[Brief descriptive captions]
○ ○ ○

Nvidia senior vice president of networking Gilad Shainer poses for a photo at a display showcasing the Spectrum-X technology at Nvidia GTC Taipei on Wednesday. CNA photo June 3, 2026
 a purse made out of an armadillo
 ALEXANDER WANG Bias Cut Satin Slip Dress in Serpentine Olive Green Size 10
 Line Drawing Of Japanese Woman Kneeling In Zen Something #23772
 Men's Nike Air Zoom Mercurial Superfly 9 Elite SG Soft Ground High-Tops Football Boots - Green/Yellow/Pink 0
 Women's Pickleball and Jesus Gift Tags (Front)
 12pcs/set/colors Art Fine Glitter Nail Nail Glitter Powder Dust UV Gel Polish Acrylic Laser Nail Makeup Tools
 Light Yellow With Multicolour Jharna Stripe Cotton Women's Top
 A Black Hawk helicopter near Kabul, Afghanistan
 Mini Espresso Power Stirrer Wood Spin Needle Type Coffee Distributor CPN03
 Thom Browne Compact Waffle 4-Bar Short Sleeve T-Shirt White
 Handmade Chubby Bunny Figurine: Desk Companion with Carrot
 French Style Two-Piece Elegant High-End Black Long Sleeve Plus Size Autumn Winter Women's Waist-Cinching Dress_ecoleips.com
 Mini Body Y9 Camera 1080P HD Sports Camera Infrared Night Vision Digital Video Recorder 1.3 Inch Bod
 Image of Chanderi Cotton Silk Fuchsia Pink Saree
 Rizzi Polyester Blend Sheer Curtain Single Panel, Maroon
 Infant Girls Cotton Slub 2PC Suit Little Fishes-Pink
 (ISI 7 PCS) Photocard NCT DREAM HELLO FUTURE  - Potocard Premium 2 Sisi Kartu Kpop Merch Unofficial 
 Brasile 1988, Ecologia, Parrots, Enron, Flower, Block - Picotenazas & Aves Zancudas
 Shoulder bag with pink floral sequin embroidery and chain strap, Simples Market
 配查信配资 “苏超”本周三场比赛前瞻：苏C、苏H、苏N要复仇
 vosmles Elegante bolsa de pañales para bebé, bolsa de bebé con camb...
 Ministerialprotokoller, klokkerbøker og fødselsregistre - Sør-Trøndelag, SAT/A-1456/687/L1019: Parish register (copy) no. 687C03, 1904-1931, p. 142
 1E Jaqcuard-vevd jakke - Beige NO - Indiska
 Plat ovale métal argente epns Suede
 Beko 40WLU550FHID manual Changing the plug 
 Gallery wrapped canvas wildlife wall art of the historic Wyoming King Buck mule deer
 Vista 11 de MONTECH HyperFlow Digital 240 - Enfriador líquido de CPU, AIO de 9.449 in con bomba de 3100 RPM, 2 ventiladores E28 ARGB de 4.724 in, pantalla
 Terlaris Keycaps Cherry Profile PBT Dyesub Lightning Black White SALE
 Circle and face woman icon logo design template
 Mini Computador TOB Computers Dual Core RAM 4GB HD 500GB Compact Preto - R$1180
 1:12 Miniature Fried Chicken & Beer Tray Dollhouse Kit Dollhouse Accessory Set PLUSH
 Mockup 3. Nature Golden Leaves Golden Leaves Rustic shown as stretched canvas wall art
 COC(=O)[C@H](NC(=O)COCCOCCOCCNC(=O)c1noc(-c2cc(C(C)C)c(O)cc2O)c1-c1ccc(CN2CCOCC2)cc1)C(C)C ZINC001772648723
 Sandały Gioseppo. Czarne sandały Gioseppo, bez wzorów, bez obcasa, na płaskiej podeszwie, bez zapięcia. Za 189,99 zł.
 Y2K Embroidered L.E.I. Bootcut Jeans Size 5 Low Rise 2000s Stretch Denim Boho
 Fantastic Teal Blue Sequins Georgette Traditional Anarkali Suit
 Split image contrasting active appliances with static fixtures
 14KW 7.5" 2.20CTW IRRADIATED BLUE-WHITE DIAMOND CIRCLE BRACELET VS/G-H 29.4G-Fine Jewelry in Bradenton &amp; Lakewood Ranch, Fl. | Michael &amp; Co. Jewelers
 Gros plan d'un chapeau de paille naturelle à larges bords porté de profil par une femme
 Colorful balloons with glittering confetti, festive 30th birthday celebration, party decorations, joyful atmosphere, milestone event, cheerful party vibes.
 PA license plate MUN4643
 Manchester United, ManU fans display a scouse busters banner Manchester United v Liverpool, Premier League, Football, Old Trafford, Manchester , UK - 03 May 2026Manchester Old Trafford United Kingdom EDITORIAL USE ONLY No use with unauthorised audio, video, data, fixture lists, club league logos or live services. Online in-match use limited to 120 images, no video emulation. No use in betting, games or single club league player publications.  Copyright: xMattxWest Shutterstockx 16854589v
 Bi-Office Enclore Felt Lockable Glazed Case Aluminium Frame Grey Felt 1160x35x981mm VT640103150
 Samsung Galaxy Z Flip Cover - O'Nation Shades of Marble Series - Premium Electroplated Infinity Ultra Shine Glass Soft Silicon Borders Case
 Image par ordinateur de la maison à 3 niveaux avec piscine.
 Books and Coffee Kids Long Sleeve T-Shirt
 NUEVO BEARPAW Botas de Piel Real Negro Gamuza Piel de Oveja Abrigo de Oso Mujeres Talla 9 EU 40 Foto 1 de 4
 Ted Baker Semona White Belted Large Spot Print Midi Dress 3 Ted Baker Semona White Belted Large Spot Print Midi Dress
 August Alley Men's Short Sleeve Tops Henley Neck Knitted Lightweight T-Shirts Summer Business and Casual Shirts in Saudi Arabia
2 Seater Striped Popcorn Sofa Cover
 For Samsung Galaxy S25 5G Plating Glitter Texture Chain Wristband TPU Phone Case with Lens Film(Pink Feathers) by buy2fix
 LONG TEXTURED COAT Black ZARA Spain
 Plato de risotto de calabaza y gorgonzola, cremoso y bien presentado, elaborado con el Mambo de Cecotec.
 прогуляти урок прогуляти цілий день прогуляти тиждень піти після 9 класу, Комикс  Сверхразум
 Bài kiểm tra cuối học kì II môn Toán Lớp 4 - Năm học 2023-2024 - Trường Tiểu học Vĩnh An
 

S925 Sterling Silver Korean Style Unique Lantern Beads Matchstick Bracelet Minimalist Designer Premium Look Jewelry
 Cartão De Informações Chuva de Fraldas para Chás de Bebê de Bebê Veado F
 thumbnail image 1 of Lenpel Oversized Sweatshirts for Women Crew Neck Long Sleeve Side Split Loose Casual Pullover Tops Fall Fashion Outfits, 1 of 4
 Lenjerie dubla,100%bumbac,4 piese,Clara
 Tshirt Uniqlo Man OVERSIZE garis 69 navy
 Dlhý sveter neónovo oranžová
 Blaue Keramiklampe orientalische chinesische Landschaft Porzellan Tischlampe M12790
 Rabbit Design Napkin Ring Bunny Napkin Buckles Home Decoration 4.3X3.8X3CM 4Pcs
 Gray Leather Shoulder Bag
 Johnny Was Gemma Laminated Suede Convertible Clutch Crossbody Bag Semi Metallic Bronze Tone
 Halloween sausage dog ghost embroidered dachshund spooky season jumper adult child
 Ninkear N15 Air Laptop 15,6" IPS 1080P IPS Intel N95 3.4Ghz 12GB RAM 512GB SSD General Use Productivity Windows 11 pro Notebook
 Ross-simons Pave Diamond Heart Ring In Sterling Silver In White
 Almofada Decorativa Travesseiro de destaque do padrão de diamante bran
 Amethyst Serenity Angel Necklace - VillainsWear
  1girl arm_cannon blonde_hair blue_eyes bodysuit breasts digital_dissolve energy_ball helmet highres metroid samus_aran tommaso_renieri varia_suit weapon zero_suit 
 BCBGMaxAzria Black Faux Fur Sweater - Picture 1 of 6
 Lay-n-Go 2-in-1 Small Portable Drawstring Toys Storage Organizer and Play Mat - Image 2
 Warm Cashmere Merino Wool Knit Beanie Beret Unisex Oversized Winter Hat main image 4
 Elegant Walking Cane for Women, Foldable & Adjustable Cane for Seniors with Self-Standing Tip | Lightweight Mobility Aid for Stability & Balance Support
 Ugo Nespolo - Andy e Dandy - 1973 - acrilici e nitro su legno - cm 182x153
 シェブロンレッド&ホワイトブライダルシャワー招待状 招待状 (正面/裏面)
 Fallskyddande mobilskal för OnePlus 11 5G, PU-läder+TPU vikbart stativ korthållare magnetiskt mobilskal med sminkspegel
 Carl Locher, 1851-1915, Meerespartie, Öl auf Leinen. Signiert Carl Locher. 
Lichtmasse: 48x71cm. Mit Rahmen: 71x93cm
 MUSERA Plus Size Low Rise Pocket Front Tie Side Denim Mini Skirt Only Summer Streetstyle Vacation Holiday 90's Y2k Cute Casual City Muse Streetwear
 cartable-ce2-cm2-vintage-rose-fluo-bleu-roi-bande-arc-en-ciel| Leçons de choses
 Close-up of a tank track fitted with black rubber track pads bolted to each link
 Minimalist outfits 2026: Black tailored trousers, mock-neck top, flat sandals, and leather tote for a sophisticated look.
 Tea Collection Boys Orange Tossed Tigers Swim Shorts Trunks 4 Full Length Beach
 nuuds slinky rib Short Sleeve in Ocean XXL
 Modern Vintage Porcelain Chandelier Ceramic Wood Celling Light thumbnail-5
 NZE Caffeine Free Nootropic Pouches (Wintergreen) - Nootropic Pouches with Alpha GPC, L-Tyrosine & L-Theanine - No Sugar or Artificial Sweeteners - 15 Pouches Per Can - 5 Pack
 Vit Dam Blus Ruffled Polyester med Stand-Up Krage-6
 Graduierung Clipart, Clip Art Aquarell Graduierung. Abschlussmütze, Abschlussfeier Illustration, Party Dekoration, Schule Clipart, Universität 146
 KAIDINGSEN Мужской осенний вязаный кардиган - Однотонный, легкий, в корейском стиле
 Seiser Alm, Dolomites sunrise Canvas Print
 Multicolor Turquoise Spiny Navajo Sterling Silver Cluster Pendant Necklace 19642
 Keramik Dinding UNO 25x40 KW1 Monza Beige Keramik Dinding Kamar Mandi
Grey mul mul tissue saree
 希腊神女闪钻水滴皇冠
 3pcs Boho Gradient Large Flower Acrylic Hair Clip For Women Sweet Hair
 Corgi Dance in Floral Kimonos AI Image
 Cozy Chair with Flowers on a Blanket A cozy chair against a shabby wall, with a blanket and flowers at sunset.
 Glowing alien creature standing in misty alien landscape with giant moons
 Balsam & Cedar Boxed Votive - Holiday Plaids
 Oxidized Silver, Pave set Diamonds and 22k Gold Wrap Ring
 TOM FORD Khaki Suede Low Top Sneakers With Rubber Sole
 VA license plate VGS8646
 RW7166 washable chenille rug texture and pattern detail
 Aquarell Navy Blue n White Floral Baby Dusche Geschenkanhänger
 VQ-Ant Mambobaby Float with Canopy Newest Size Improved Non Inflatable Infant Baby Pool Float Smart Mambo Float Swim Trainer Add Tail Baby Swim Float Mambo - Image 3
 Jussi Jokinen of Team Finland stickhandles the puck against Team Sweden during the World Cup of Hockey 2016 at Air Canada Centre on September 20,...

○ ○ ○

Directions:
With the line that has "Split image contrasting" as the first and the line that has "Michael &amp; Co. Jewelers" as the last, repeat exactly that run of lines above and no more.

Completed exercise:
 Split image contrasting active appliances with static fixtures
 14KW 7.5" 2.20CTW IRRADIATED BLUE-WHITE DIAMOND CIRCLE BRACELET VS/G-H 29.4G-Fine Jewelry in Bradenton &amp; Lakewood Ranch, Fl. | Michael &amp; Co. Jewelers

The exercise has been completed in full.